**Your instructions:** Below are the records; extract from them the line containing "Amplio local comercial en Puerto Banús." to the line containing "Из-за коронавируса в", both lines included, exactly and with no pictures.

**Data to process:**
*** Block opens ***

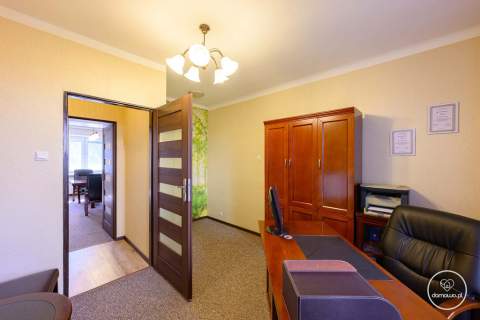 ŚRÓDMIEŚCIE KAMIENICA 3 POKOJE 49m2 BALKON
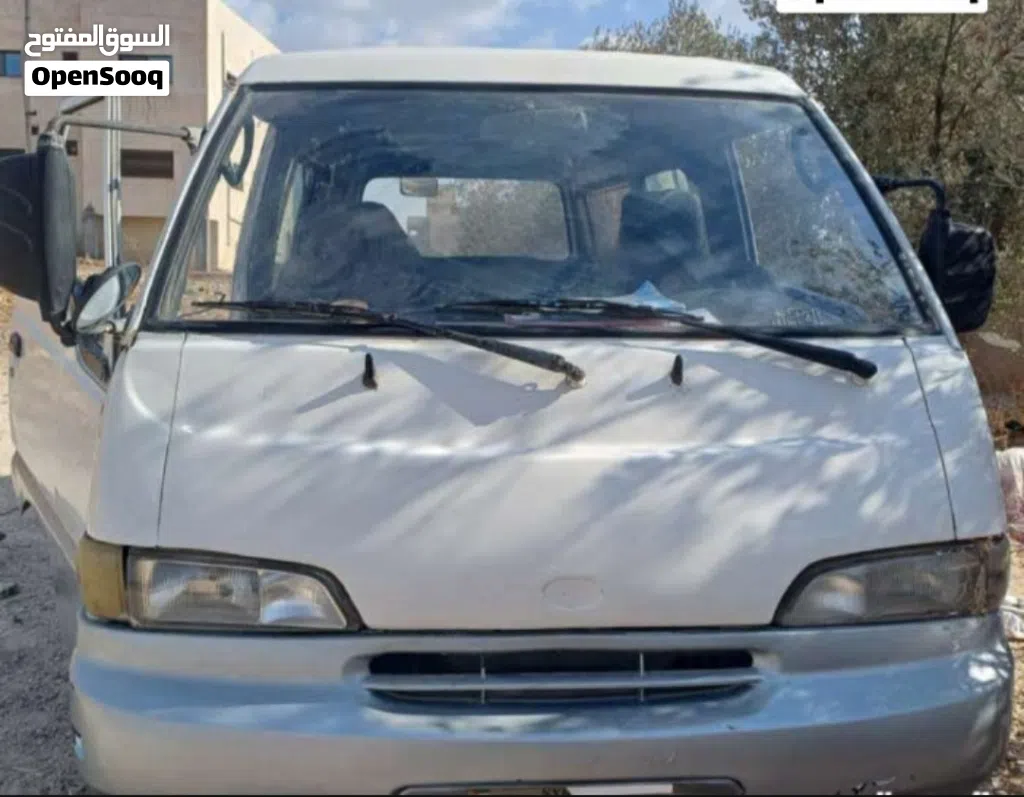Hyundai H 100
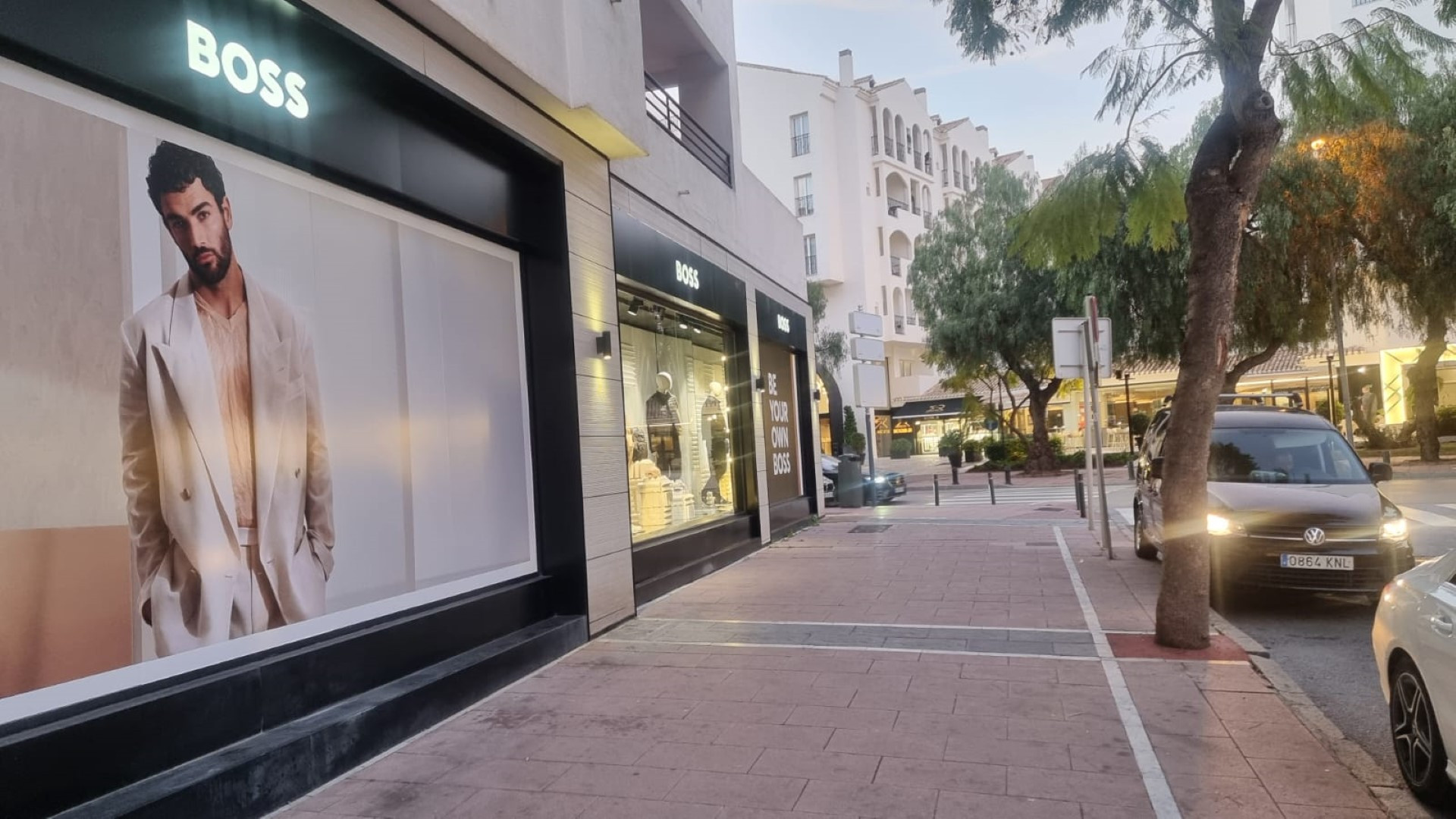 Amplio local comercial en Puerto Banús.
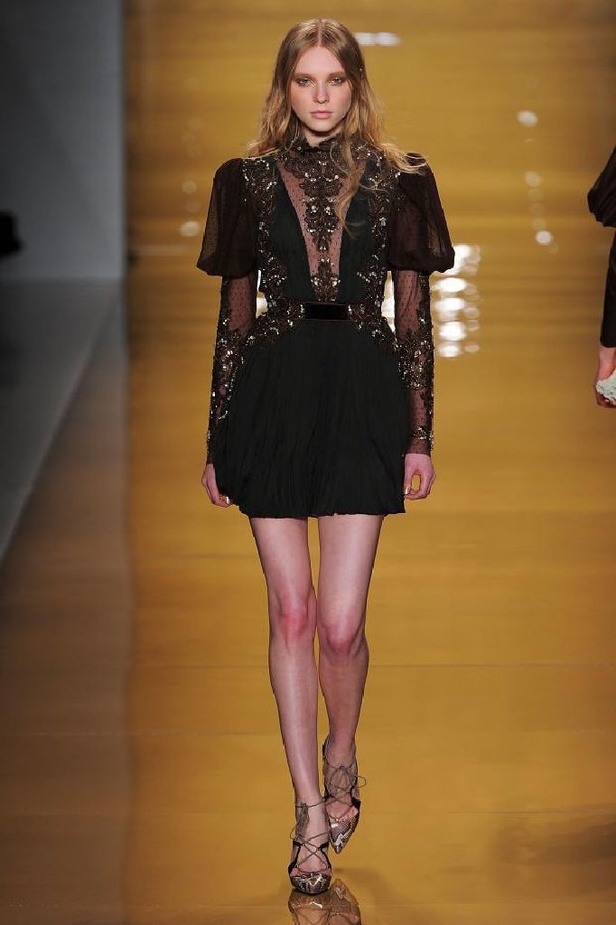 بريق الشك والترتر اللمّاع يميّزان تصاميم ريم عكرا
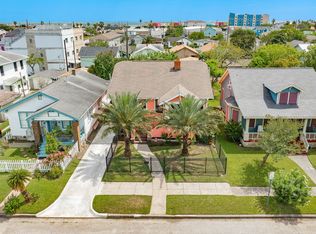 3911 Avenue R 1/2, Galveston, TX 77550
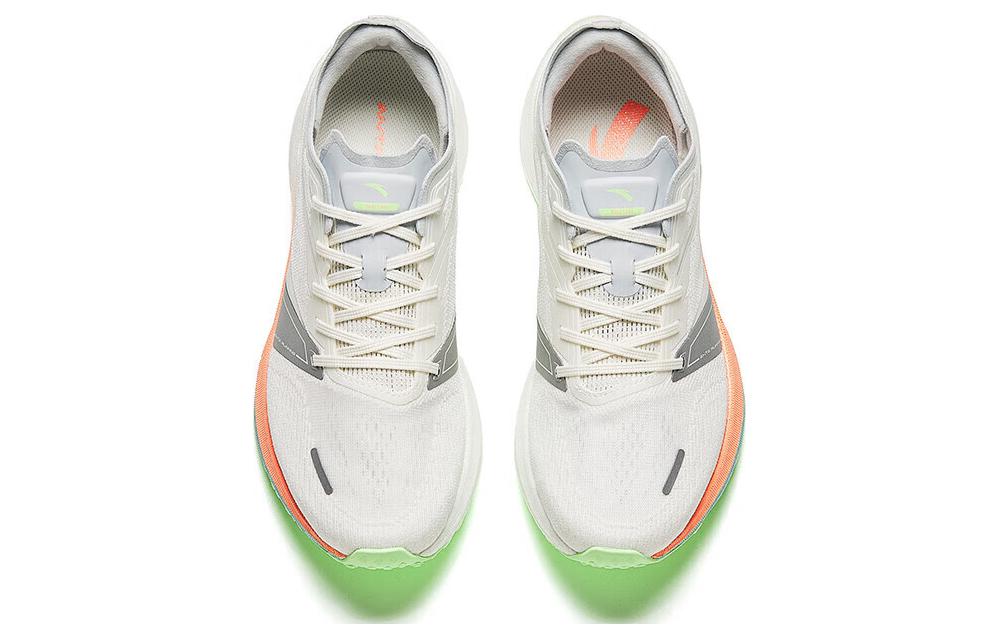 Order (W) Zapatillas Anta para Correr 'Blanco Plateado Verde' 922345585-1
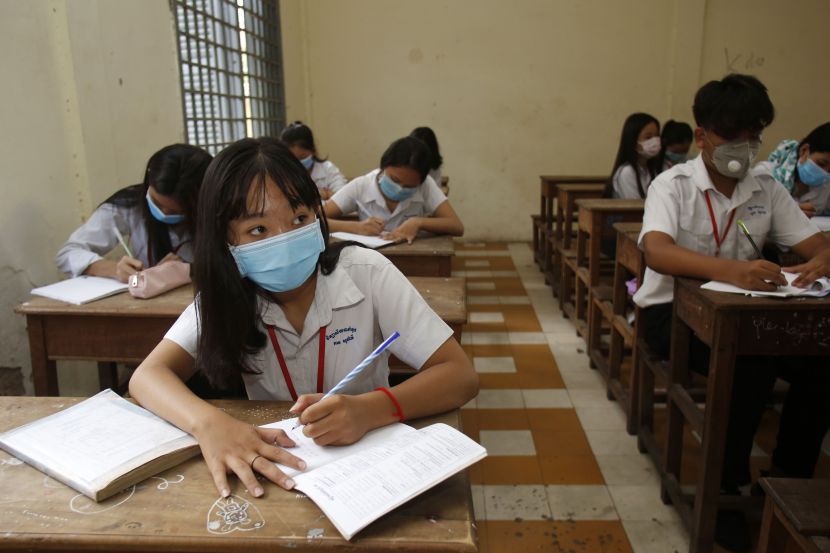 Из-за коронавируса в школах Камбоджи отменили выпускные экзамены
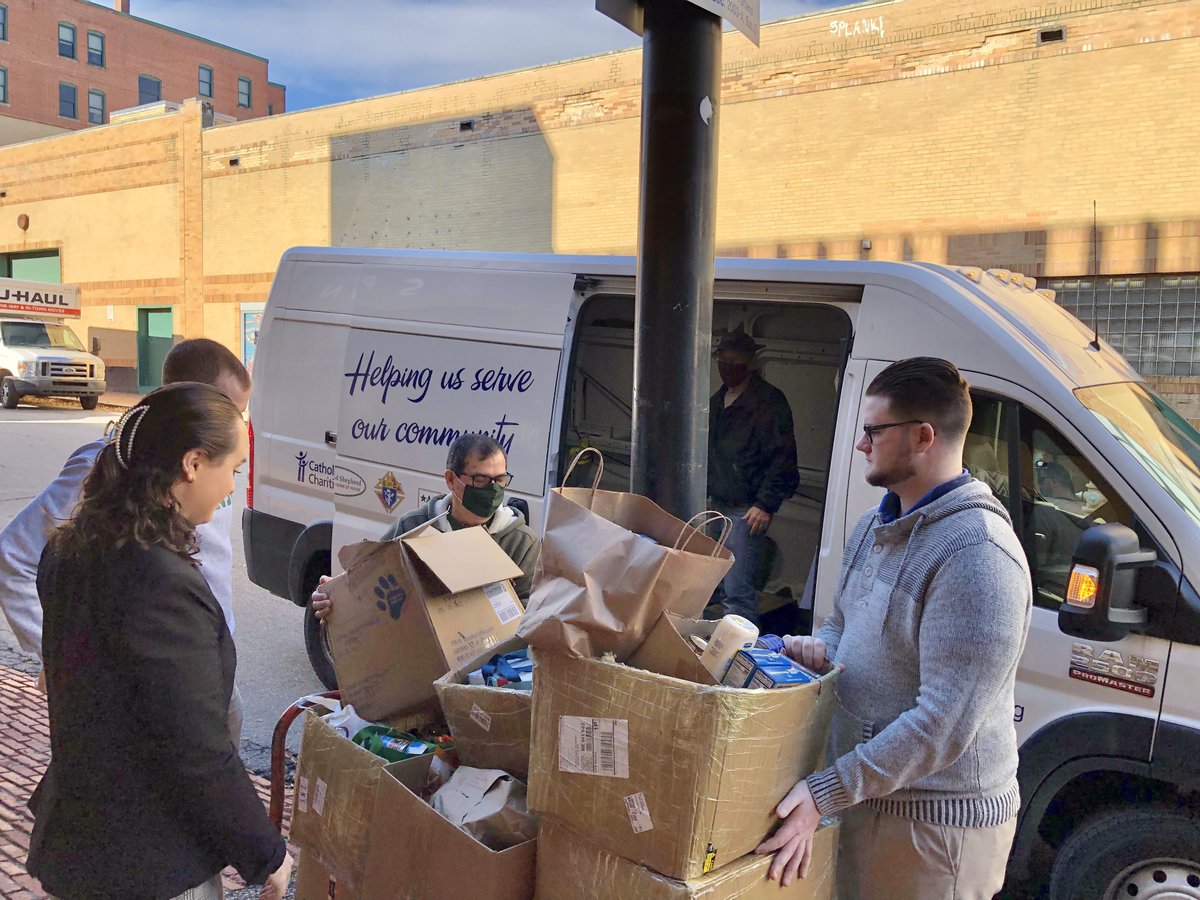 MarinersOfMaine's tweet photo. All of the donations collected at Sunday’s Thanksgiving Food Drive was handed off to St. Vincent de Paul Soup Kitchen this morning. Thank you to our partners @newscentermaine and @FeedingMaine and to all our amazing fans for their generosity!
#CommunityAtTheCore #SomethingsBruin https://t.co/bOwTwfS8ZN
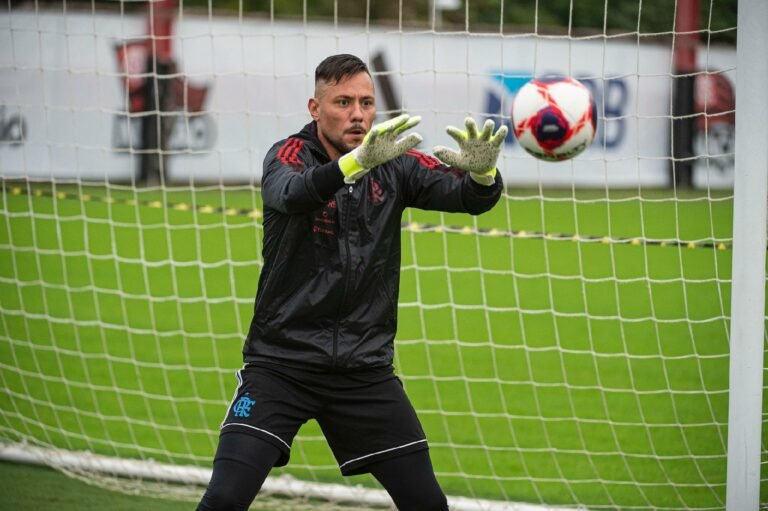 Diego Alves pode repetir Rafinha e sair do Flamengo de graça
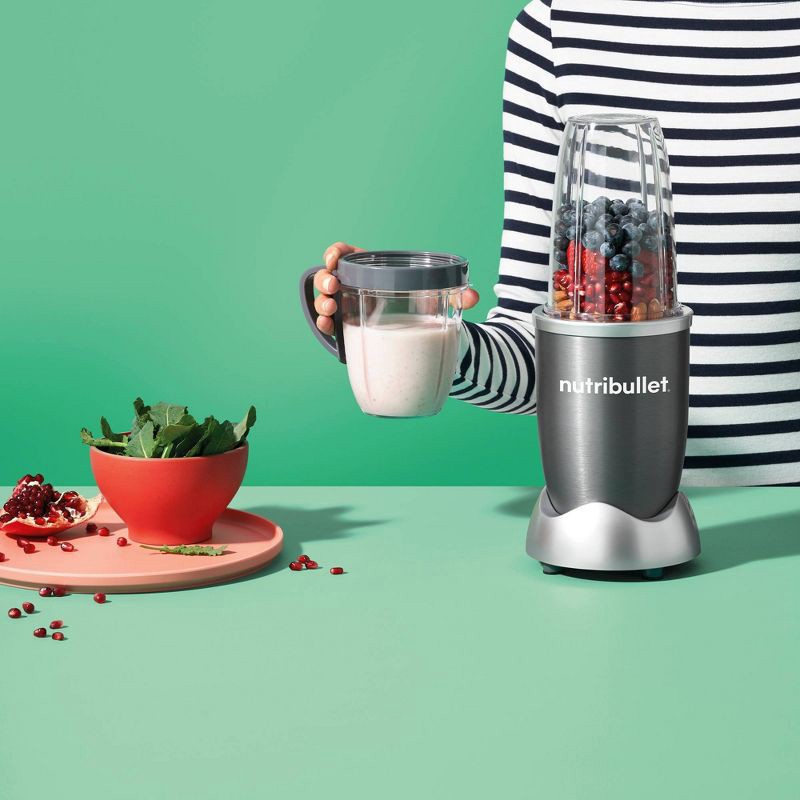 slide 6 of 6, NutriBullet Single-Serve Blender 600W – 8pc Set, 8 ct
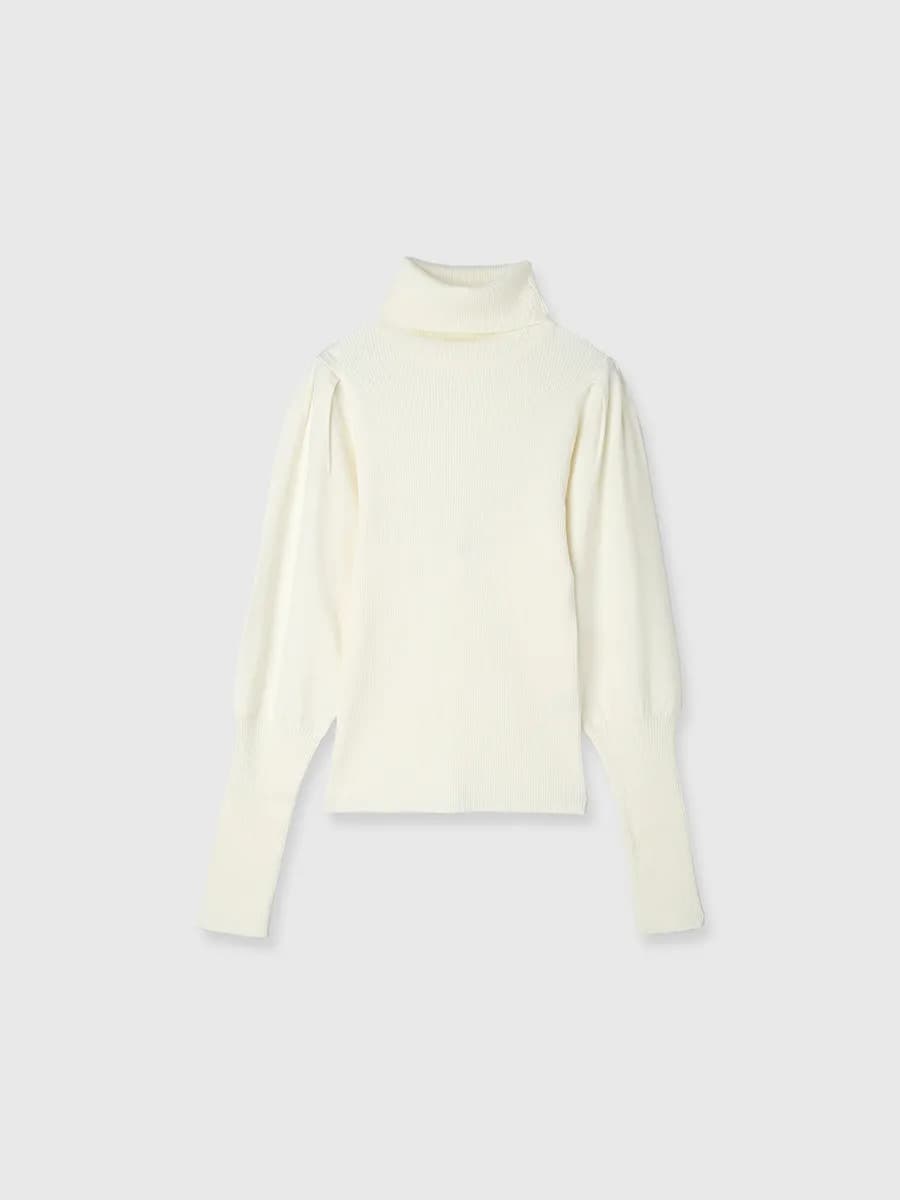 イエベ春/イエベ秋服 パフスリーブタートルニット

*** Block closes ***

**Result below:**
 Amplio local comercial en Puerto Banús.
 بريق الشك والترتر اللمّاع يميّزان تصاميم ريم عكرا
 3911 Avenue R 1/2, Galveston, TX 77550
 Order (W) Zapatillas Anta para Correr 'Blanco Plateado Verde' 922345585-1
 Из-за коронавируса в школах Камбоджи отменили выпускные экзамены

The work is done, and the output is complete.